LUXEMBURG
SVEN WOHL

Wie Jugendliche das Internet benutzen, ändert sich konstant

Viel wird darüber gesprochen, wie sogenannte Digital Natives das Internet nutzen. Dabei verändert sich das Verhalten der jüngeren Generationen diesbezüglich konstant und unterscheidet sich durchaus von der Art, wie ihre Eltern und auch Großeltern dieses Kommunikationsmittel nutzen. Damit wäre das erste Stichwort bereits gefallen: Denn die Kommunikation steht für die junge Generation im Mittelpunkt der Nutzung. So viel stellt unter anderem BEE SECURE fest, die einen Blick auf die aktuelle Untersuchungslage werfen. Dabei fällt auf, dass sich in ganz Europa ganz ähnliche Trends bemerkbar machen. Facebook verliert immer mehr an Bedeutung, während Messenger, allen voran Whatsapp, mittlerweile essentiell sind.

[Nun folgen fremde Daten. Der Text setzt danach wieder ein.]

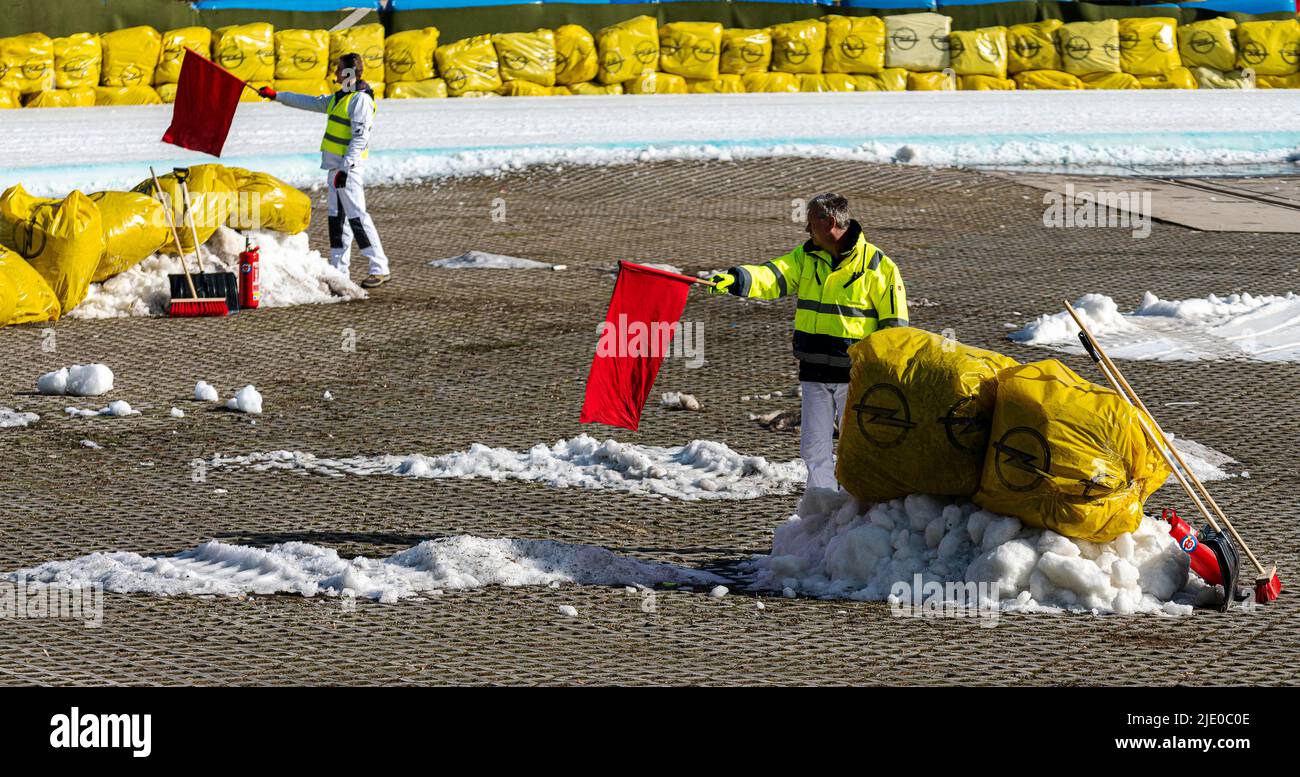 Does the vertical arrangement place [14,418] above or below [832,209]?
below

Messengerdienste überaus populär

So geben 36 Prozent der befragten Jugendlichen unter 19 Jahren bei der JIM-Studie des Medienpädagogischen Forschungsverbund Südwest an, am liebsten den Messengerdienst zu nutzen. 89 Prozent der Mädchen und 87 Prozent der Jungen bezeichnen die App als die für sie am wichtigste. Facebook kommt hier bei beiden Geschlechtern auf gerade einmal vier Prozent.

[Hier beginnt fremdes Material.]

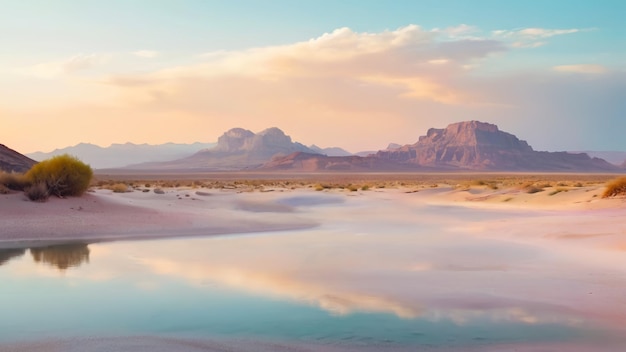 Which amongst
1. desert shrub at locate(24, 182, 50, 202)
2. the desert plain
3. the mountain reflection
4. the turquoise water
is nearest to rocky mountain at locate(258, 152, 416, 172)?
the desert plain

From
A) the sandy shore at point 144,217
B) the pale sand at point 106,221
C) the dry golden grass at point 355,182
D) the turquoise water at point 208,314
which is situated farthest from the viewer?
the dry golden grass at point 355,182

Die aktuellsten Zahlen, die sich auf Luxemburg beziehen, stammen aus dem Jahr 2015 und wurden von der Universität Luxemburg erhoben und innerhalb der INSIDE-Studie verarbeitet. Hier machte Facebook noch eine bessere Figur, wenn es um den Austausch mit Freunden über digitale Wege ging: Über 70 Prozent der befragten Jugendlichen gaben an, auf dieses soziale Netzwerk zurückzugreifen. Whatsapp kam hier auf 47,4 Prozent der Jungen und 38,4 Prozent der Mädchen. Zweifellos hat sich hier in den vergangenen fünf Jahren einiges getan. Dass die App eine solche Popularität bei den Jugendlichen hat und Facebook zeitgleich bei dieser Zielgruppe an Gewicht verliert, wird mitunter dazu geführt haben, dass Zuckerbergs Imperium sich die App angeeignet hat.

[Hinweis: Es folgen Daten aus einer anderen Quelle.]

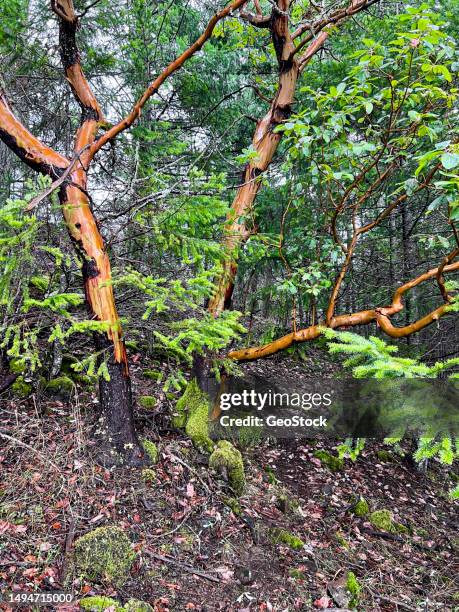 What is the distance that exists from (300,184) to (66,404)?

Klassische Medien im Abwärtstrend

Wenig überraschend dürfte sein, dass analoge Medien eher unbeliebt bei den „Digital Natives” sind. Youtube wird als eines der wichtigsten und beliebtesten Medien angegeben. Das bedeutet auch, dass Fernsehinhalte hierüber konsumiert werden. Streamingdienste wie Netflix und ähnliche spielen ebenfalls eine große Rolle. Die Studie geht zusätzlich darauf ein, welche Art von Videos am meisten bei den Jugendlichen gefragt sind. Über die Hälfte besteht aus Musikvideos, während lustige Clips und fremdsprachige Videos bei beiden Geschlechtern beliebt sind. Vor allem bei Jungen (52 Prozent) sind sogenannte „Let’s Play”-Videos beliebt. Hierbei handelt es sich um Videos, wo Videospiele durchgespielt und kommentiert werden. Bei Mädchen sind diese mit 13 Prozent wesentlich weniger beliebt. Ähnliche Unterschiede bei den Geschlechtern lassen sich bei Sportvideos (Jungen 33 Prozent, Mädchen elf Prozent) und bei Mode- und Beautyvideos (Mädchen 32 Prozent, Jungen vier Prozent) feststellen. Sendungen aus dem Fernsehen machen lediglich 21 Prozent bei den Jungen und 14 Prozent bei den Mädchen aus.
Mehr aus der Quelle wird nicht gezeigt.